> _AIM OF THE TASK_
Reproduce the full listing below exactly. Do not include the pictures.

> _TASK MATERIAL_
------------------------------------------------
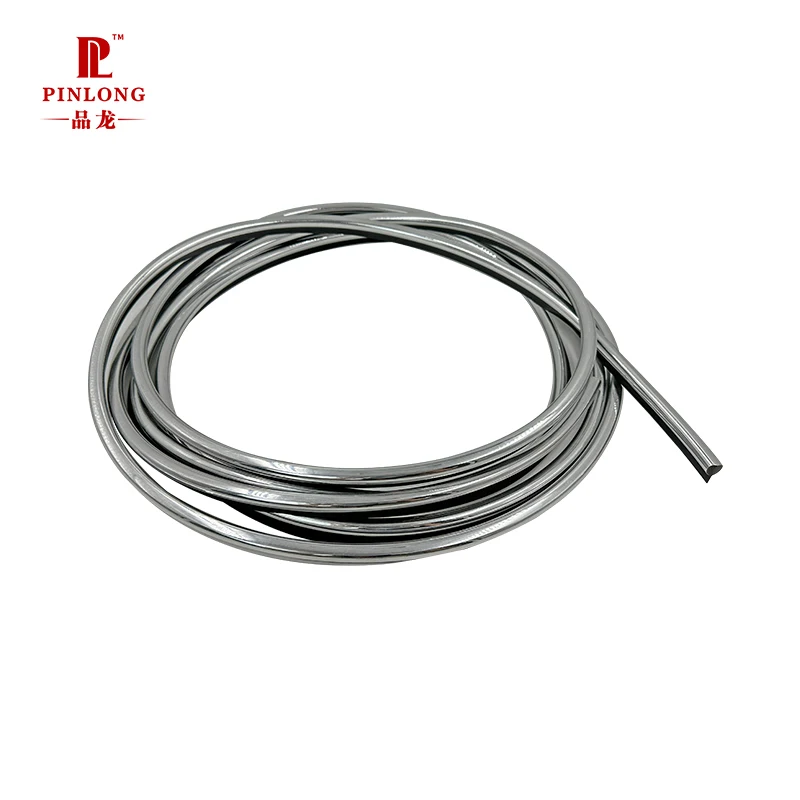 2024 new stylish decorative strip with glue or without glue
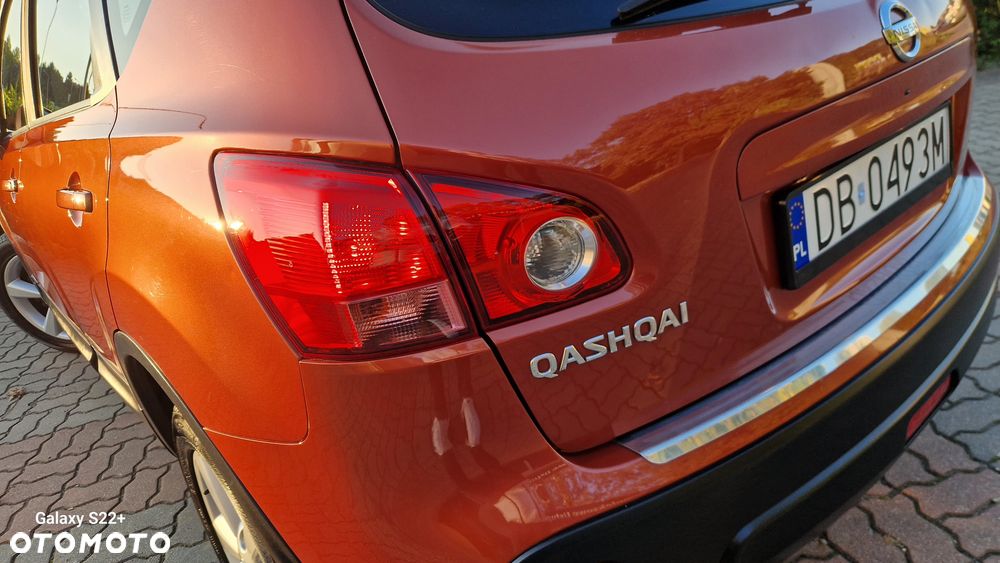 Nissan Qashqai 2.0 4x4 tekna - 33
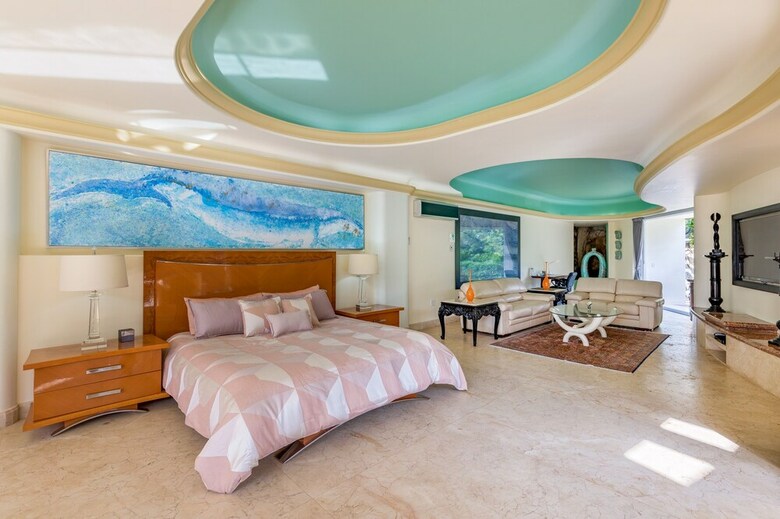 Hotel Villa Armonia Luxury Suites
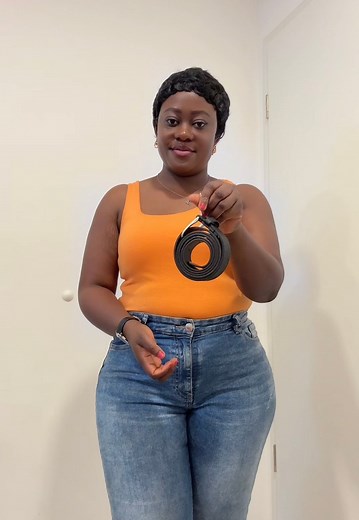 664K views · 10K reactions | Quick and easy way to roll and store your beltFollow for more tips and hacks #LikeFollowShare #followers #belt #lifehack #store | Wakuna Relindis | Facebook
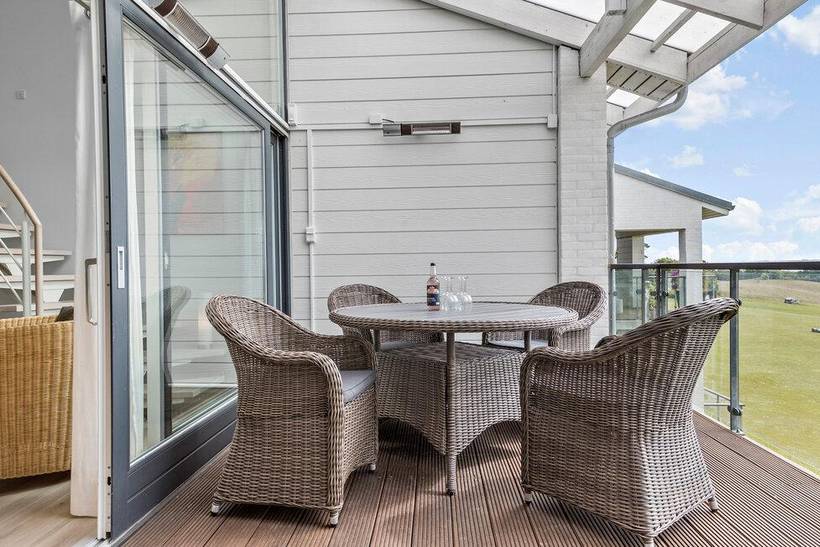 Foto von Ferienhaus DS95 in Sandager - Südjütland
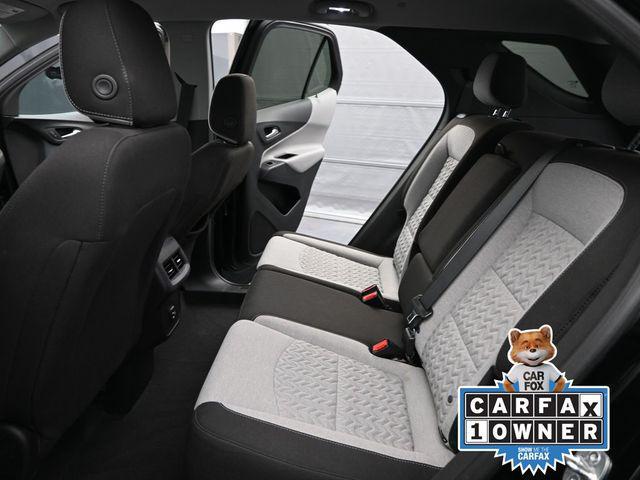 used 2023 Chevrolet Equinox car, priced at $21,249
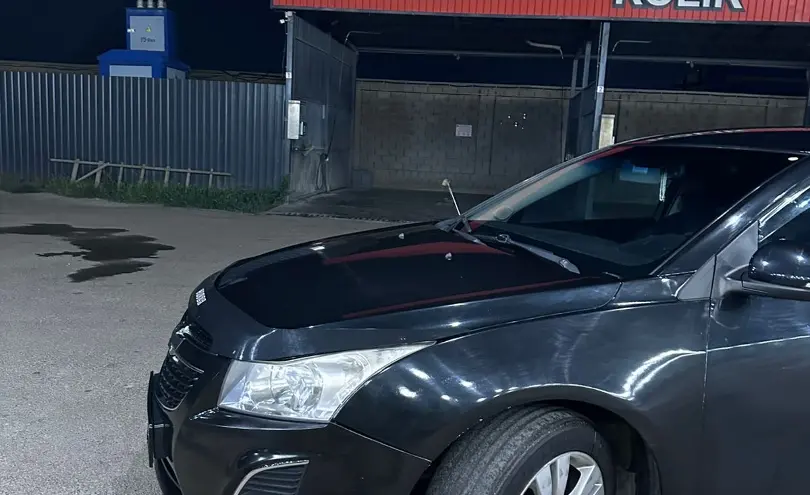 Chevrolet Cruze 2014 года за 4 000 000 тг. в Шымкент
------------------------------------------------
> _THE ANSWER_
 2024 new stylish decorative strip with glue or without glue
 Nissan Qashqai 2.0 4x4 tekna - 33
 Hotel Villa Armonia Luxury Suites
 664K views · 10K reactions | Quick and easy way to roll and store your beltFollow for more tips and hacks #LikeFollowShare #followers #belt #lifehack #store | Wakuna Relindis | Facebook
 Foto von Ferienhaus DS95 in Sandager - Südjütland
 used 2023 Chevrolet Equinox car, priced at $21,249
 Chevrolet Cruze 2014 года за 4 000 000 тг. в Шымкент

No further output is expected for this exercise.